There are two opposite trends in the political attitude towards sex work in these years. On one hand a number of countries around the world – e.g. Germany, the Netherlands, Spain, New Zealand and Brazil – have legalised sex work or in other ways liberalised existing legislations. On the other hand some Northern European countries are moving towards criminalisation, predominantly in Scandinavia. Sweden and Norway have banned the purchase of sexual services in 1999 and 2009. The criminalisation movement in Denmark is heavily inspired by our fellow Scandinavian countries.
Banning the purchasing and not the selling of sexual services is known as “the Swedish model”, which is a novel approach. Historically, criminalisation has been motivated by religious or otherwise moral views, gender equality is the headline in Sweden and Norway. The claim is that the very existence of sex work is a result of male dominance, and that sex work will maintain a negative attitude towards women. SIO finds this approach very misleading.
Forced sex work is rarely seen. Most of us are sex workers by choice, but indeed poverty is a motivation for some. Even though you are poor, what you need are rights and opportunities – not criminalisation and ultimately worsened working conditions. Gender equality should be about respecting people’s personal choices and differences, regardless of gender, not punishing those who differ from the norm.
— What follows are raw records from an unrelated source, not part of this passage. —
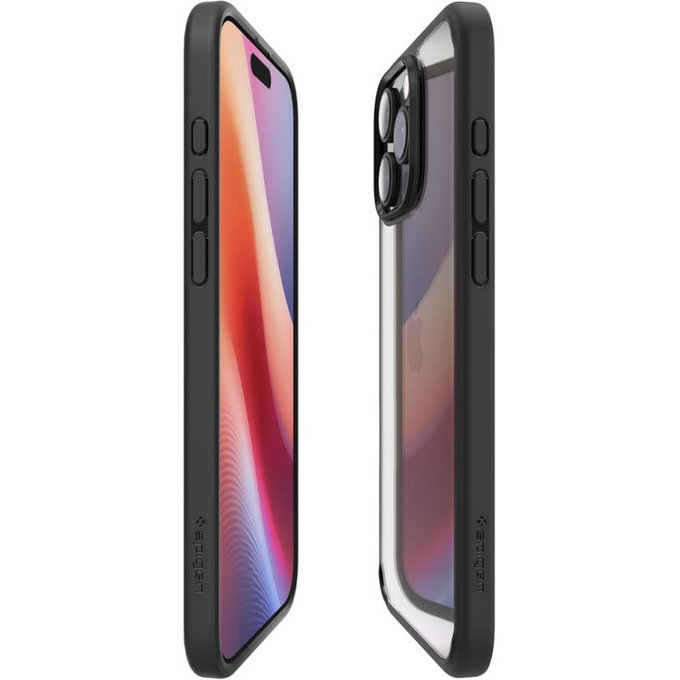 Spigen - Étui Ultra Hybrid pour iPhone 16 Pro, matte black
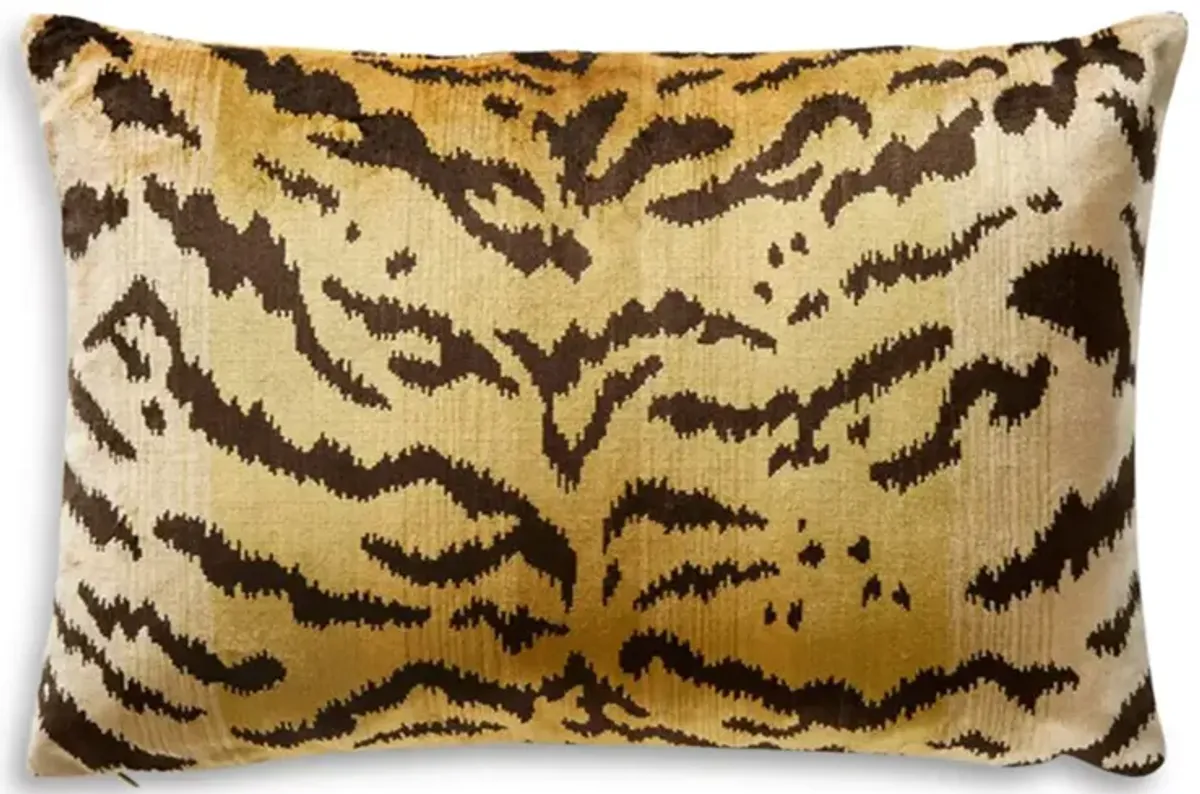 Scalamandre Tigre Lumbar Decorative Pillow, 22" x 14"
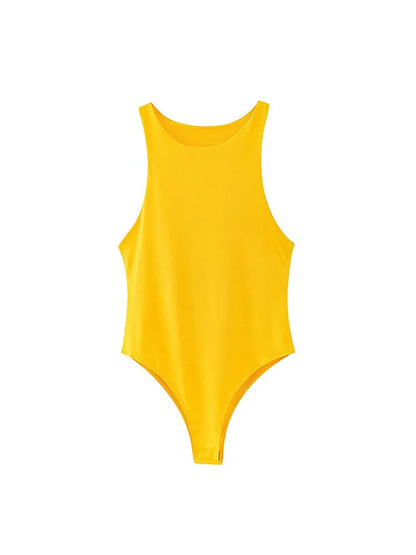 2025 summer solid sexy bodycon women bodysuits female 8 color green slim casual bodysuit chic lady club short playsuits femme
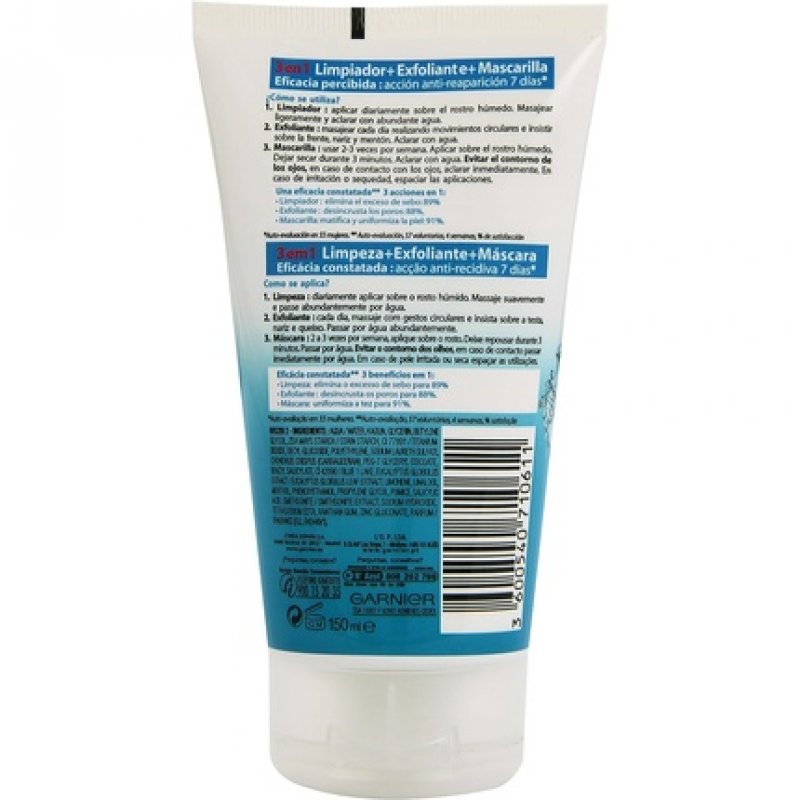 Garnier Active 3 In 1 Cleansing Gel 150ml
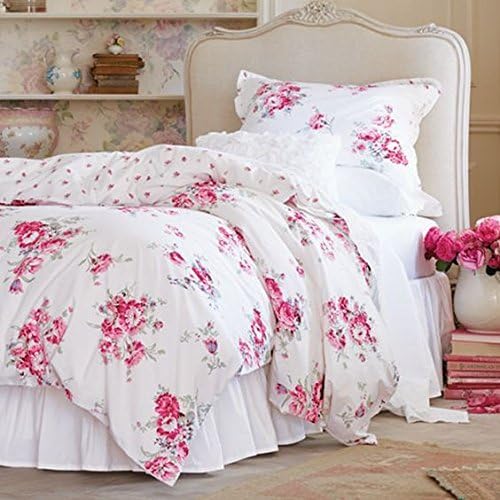 Simply Shabby Chic Pink Sunbleached Floral Duvet Set (Full/Queen)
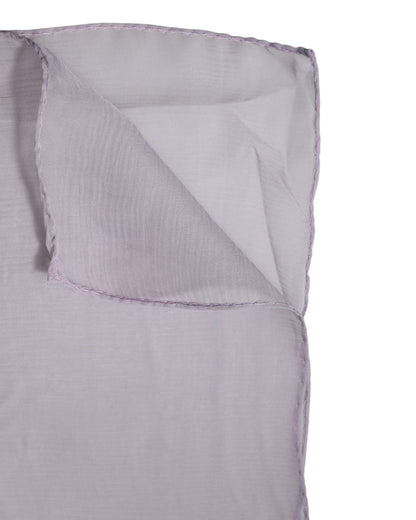 وشاح دولتشي آند غابانا المستطيل من الحرير البنفسجي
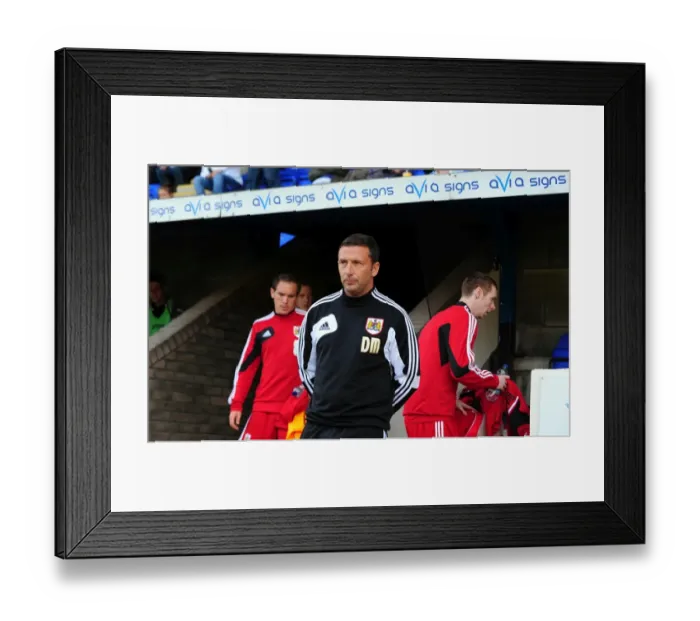 Framed Print : Derek McInnes Return: St Johnstone vs. Bristol City, Pre-Season Friendly, 2012 Framed Print : Derek McInnes Return: St Johnstone vs. Bristol City, Pre-Season Friendly, 2012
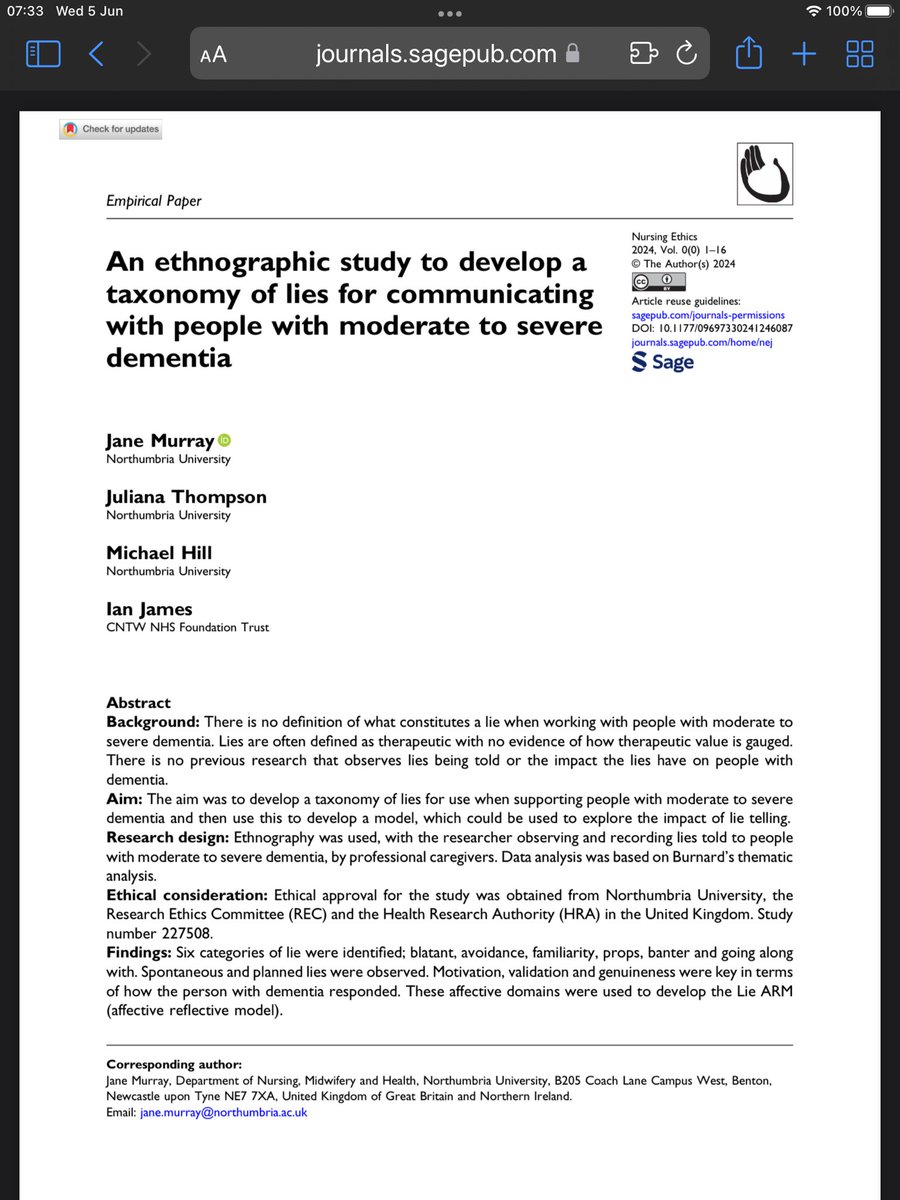 Jane Murray (@dr_janem) on Twitter photo Delighted to have an article published in the Journal of Nursing Ethics. <a href="/RCNOPF/">RCN Older Peoples Forum</a> <a href="/NUNursMWHealth/">Northumbria Nursing Midwifery and Health</a> Delighted to have an article published in the Journal of Nursing Ethics. <a href="/RCNOPF/">RCN Older Peoples Forum</a> <a href="/NUNursMWHealth/">Northumbria Nursing Midwifery and Health</a>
The idea to criminalise the purchase of sexual services, and thereby punishing the supposedly male client and saving the supposedly female sex worker, is an illusion. The sex workers are the ones really being punished. We will have to move our business underground where we will be subject to criminal networks, poor and dangerous conditions and exploitation. This is clearly what has happened in Sweden. After ten years of criminalisation the authorities are still unable to document any decrease in sex work. They know that sex work is a reality and still an active business, but because of the ban they have great difficulty in determining who is involved and where. This makes it impossible to give sex workers legal or social protection in line with the rest of the population.